▸ **MATERIAL FOR THIS EXERCISE**:
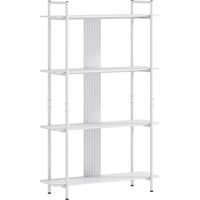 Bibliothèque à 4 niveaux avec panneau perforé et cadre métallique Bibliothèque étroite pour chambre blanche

==

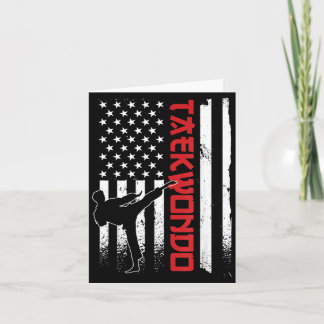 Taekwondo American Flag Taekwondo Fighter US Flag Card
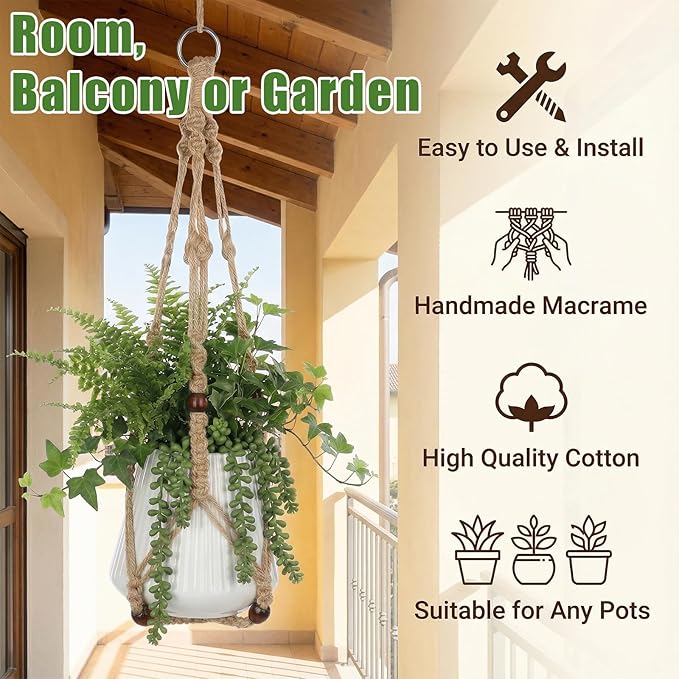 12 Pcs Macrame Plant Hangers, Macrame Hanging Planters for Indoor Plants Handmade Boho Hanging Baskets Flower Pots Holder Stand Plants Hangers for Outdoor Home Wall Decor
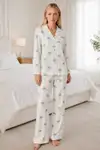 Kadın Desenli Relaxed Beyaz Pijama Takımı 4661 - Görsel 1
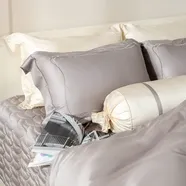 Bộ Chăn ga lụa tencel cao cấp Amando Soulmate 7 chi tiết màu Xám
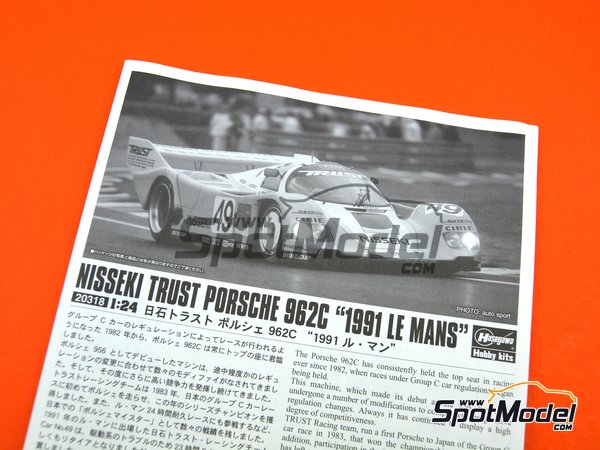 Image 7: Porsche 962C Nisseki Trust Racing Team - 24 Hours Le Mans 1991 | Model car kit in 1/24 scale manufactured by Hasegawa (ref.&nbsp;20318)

* * *

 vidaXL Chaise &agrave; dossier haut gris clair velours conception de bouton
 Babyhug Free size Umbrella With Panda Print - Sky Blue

▸ **INSTRUCTIONS TO FOLLOW**:
For this exercise, reproduce exactly the lines of the records above from the one with "Kadın Desenli Relaxed" up to and including the one with "Image 7: Porsche", without pictures.

▸ **EXERCISE RESPONSE**:
 Kadın Desenli Relaxed Beyaz Pijama Takımı 4661 - Görsel 1
 Bộ Chăn ga lụa tencel cao cấp Amando Soulmate 7 chi tiết màu Xám
 Image 7: Porsche 962C Nisseki Trust Racing Team - 24 Hours Le Mans 1991 | Model car kit in 1/24 scale manufactured by Hasegawa (ref.&nbsp;20318)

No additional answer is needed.